Deparo-me várias vezes com a questão da originalidade.

Normalmente o tema divide-se em duas partes: até que ponto a ficção que crio se inspira nos outros e até que ponto esta se inspira em mim próprio.

Exemplos de tal dúvida passam pelos cenários, pelas personagens e por vezes até pelo próprio enredo. Perguntam-me se estou a ser autobiográfico, se estou a falar de um «eu» idealizado, se aquela é a minha cidade natal, se aquela outra é a capital onde vivi, se aquela mulher é alguém com quem estive, se enfim, aquele grupo de pessoas não será baseado nos amigos que um dia foram os meus.

Devo admitir que sempre me fez alguma confusão lidar com este tipo de construções mentais. Isto porque, todos os manuais o confirmam, não existe ficção sem base de sustentação. Ou seja, a inspiração não pode nascer do vácuo, estar tão fora do real que nada dele se veja. Até as formas mais encurraladas de poesia terão no seu interior algumas migalhas de algo entendido como realidade.

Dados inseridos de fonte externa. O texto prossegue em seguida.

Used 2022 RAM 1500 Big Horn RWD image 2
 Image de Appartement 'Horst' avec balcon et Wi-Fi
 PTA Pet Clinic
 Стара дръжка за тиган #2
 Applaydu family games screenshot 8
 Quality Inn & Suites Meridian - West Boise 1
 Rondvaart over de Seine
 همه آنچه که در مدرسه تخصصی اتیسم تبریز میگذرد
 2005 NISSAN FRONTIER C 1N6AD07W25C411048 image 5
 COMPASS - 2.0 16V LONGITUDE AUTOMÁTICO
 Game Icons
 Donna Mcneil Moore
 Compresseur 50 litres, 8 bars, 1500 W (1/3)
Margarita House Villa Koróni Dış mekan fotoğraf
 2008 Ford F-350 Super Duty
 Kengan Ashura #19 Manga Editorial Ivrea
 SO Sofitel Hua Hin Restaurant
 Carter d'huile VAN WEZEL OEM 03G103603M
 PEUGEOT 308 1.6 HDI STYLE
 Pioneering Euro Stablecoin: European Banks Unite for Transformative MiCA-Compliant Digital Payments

Toda a ficção tem algo de biográfico e até autobiográfico (no sentido em que nasce a partir da biografia do real) da mesma forma que proliferam hoje géneros e subgéneros de biografias e autobiografias amplamente ficcionadas, algumas tão rebuscadas que acabam expostas como autênticos logros. Portanto, as fronteiras entre o «verídico» e o «ficcionado» são impossíveis de traçar, um não existindo sem o outro.

Isto não quer dizer que quando construo uma história esteja a pensar especificamente em pessoas, eventos ou locais verídicos. As pessoas serão sempre pessoas, as cidades serão sempre cidades, os problemas que nos atormentam não escolhem entre o vizinho do lado ou a figura que tracejamos na mente.

A vida humana é algo que gostamos de descrever como original e individual, cada um de nós se julga extraordinário e «extra-ordinário» no sentido de estar à parte do ordinário, do comum, mas é tudo demasiado igual para que se tornem úteis tantos pudores.

Quando completo o esqueleto físico e psicológico de uma personagem, estarei decerto a escolher características semelhantes às de milhões de pessoas reais. Contudo, não as conheço todas nem nelas pensei para fazer a construção.

O mesmo é válido para os locais e (claro) para os enredos.

Caso não seja óbvio, já está tudo dito, analisado, ocorrido, contado. Existe um limite muito baixo de histórias.

O que tantos de nós fazemos é apenas mentir sem pudor, dizendo-nos originais.